## EXERCISE OBJECTIVE:
Some of the lines below need repeating. Reproduce exactly those between the lines holding "Politis' Wooden House *" and "2016 manure compost", inclusive.

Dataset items
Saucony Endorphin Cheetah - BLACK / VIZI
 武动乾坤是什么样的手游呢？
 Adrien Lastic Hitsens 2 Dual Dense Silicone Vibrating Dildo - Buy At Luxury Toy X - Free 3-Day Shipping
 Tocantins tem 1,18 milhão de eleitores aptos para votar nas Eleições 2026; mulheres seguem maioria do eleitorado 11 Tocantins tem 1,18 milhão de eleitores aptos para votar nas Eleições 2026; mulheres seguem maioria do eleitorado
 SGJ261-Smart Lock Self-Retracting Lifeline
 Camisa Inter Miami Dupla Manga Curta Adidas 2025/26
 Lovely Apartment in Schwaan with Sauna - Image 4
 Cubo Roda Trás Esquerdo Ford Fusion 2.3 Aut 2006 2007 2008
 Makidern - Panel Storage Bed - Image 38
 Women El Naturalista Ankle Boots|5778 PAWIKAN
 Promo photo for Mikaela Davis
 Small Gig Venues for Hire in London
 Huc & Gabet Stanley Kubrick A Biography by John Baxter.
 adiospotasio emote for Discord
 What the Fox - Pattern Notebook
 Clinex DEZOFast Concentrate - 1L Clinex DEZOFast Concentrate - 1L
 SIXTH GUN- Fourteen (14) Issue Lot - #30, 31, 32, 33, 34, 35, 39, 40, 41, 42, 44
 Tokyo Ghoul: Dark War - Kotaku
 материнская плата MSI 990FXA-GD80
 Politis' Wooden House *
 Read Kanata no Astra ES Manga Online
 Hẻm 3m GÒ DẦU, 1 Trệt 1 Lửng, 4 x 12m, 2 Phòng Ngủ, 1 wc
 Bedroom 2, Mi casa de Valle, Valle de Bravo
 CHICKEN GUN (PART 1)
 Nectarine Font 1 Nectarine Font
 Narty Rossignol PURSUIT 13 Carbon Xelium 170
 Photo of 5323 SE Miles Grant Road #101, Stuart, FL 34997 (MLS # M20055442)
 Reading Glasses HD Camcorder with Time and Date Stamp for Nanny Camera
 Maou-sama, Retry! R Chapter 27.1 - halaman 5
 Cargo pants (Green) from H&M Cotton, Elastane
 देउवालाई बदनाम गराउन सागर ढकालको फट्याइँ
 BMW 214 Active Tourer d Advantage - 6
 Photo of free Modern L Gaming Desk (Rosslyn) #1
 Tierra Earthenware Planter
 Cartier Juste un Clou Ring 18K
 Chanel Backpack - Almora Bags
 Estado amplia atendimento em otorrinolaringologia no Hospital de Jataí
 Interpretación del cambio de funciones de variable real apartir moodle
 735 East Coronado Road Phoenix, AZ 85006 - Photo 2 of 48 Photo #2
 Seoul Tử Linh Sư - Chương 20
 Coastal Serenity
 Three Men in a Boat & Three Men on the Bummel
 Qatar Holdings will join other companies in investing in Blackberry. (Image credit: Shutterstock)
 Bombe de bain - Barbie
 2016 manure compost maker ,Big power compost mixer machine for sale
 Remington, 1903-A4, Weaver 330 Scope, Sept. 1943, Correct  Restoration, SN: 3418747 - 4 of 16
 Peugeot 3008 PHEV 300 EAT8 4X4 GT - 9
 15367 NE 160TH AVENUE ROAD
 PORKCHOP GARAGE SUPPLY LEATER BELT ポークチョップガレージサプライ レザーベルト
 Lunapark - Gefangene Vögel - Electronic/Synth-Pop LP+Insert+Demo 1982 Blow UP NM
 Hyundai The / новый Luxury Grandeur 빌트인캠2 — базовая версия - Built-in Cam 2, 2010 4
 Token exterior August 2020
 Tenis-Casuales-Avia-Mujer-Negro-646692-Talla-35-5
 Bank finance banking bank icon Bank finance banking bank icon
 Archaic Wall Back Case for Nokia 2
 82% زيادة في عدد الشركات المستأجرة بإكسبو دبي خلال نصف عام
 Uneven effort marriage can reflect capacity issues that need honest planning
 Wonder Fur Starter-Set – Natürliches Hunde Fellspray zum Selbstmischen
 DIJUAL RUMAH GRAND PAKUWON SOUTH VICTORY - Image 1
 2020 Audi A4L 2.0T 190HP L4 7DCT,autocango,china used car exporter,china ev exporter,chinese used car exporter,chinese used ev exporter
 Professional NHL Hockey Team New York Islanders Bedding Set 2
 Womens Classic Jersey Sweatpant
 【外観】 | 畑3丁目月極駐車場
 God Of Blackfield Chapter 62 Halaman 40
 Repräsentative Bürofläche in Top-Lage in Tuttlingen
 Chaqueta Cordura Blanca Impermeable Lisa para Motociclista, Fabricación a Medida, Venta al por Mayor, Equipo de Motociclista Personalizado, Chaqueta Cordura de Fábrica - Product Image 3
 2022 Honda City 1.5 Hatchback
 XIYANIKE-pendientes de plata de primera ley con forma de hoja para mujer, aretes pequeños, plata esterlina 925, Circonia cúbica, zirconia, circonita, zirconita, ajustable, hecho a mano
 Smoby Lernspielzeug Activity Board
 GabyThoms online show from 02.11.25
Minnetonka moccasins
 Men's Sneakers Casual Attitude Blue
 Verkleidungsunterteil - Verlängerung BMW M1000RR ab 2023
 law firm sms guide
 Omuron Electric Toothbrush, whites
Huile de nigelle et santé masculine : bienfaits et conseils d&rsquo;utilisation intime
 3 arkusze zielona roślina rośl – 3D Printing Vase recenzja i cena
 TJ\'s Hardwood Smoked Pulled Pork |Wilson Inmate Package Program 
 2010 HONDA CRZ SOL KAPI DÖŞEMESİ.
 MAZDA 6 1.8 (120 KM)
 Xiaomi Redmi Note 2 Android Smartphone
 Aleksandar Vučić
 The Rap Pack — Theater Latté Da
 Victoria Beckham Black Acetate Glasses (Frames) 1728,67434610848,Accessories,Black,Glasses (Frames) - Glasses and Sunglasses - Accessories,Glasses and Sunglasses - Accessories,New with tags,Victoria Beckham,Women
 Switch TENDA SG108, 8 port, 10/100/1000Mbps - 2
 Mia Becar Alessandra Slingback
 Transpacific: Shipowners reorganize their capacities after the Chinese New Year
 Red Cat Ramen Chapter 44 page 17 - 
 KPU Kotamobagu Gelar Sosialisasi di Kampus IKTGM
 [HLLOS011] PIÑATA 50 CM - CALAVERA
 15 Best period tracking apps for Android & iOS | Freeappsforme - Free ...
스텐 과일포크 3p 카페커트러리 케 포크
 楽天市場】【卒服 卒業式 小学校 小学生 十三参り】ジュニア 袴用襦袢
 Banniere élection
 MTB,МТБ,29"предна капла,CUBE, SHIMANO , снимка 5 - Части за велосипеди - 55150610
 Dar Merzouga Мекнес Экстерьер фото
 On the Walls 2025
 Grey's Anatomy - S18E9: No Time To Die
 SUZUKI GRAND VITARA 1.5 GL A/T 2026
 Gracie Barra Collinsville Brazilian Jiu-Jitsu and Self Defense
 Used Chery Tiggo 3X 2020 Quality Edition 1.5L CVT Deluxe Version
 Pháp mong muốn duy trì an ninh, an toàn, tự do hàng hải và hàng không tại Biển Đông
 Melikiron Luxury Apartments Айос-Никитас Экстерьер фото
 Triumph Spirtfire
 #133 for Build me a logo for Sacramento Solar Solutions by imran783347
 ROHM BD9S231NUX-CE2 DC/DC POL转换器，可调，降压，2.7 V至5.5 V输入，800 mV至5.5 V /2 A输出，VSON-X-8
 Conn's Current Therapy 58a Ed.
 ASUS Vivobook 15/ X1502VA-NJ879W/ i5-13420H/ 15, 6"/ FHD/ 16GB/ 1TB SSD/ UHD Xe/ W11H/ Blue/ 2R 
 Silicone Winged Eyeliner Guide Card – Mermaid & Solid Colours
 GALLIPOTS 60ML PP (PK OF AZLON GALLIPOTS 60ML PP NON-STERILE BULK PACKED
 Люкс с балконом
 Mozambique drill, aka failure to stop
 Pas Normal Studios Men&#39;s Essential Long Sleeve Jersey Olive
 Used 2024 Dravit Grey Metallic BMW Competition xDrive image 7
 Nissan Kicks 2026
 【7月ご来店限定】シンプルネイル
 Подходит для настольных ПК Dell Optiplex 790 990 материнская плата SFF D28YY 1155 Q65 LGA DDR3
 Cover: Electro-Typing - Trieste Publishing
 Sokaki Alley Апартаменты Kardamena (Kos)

## YOUR SOLUTION:
 Politis' Wooden House *
 Read Kanata no Astra ES Manga Online
 Hẻm 3m GÒ DẦU, 1 Trệt 1 Lửng, 4 x 12m, 2 Phòng Ngủ, 1 wc
 Bedroom 2, Mi casa de Valle, Valle de Bravo
 CHICKEN GUN (PART 1)
 Nectarine Font 1 Nectarine Font
 Narty Rossignol PURSUIT 13 Carbon Xelium 170
 Photo of 5323 SE Miles Grant Road #101, Stuart, FL 34997 (MLS # M20055442)
 Reading Glasses HD Camcorder with Time and Date Stamp for Nanny Camera
 Maou-sama, Retry! R Chapter 27.1 - halaman 5
 Cargo pants (Green) from H&M Cotton, Elastane
 देउवालाई बदनाम गराउन सागर ढकालको फट्याइँ
 BMW 214 Active Tourer d Advantage - 6
 Photo of free Modern L Gaming Desk (Rosslyn) #1
 Tierra Earthenware Planter
 Cartier Juste un Clou Ring 18K
 Chanel Backpack - Almora Bags
 Estado amplia atendimento em otorrinolaringologia no Hospital de Jataí
 Interpretación del cambio de funciones de variable real apartir moodle
 735 East Coronado Road Phoenix, AZ 85006 - Photo 2 of 48 Photo #2
 Seoul Tử Linh Sư - Chương 20
 Coastal Serenity
 Three Men in a Boat & Three Men on the Bummel
 Qatar Holdings will join other companies in investing in Blackberry. (Image credit: Shutterstock)
 Bombe de bain - Barbie
 2016 manure compost maker ,Big power compost mixer machine for sale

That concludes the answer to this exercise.